▶ _Source data_:
----

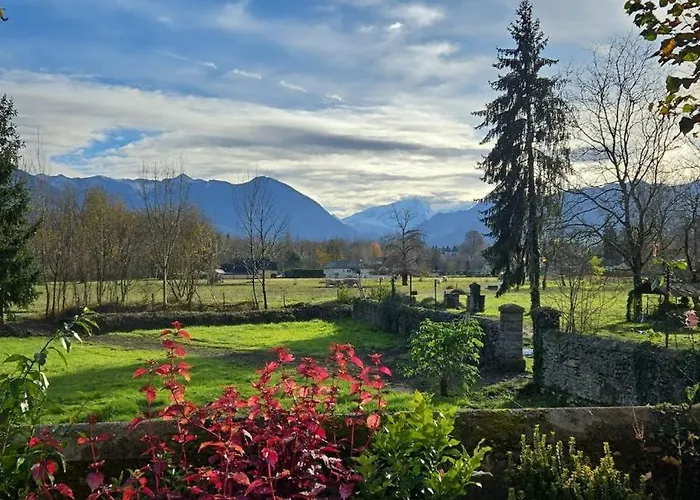 Ideal Pour Deux Avec Acces Bain Nordique *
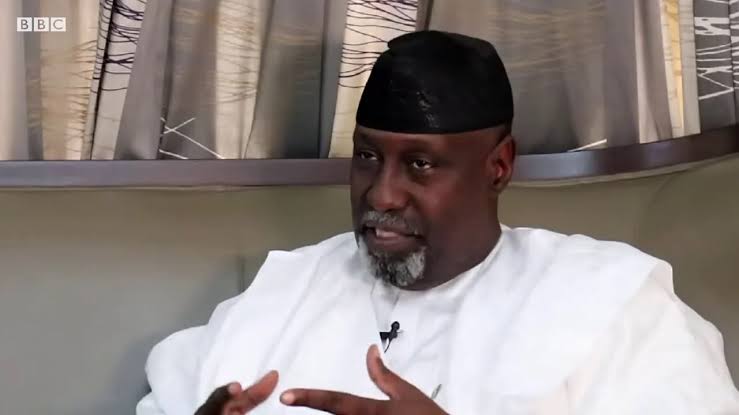 APC Chieftain Urges PDP to Merge with ADC to Save Nigeria’s Democracy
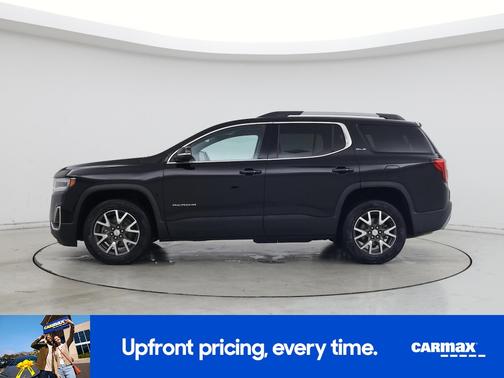 2020 GMC Acadia SLE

----

▶ _What to do_: Each line from the one holding "APC Chieftain Urges" through the end of the listing is to be output exactly, both ends included, with no other lines and the pictures left out.

▶ _Expected answer_:
 APC Chieftain Urges PDP to Merge with ADC to Save Nigeria’s Democracy
 2020 GMC Acadia SLE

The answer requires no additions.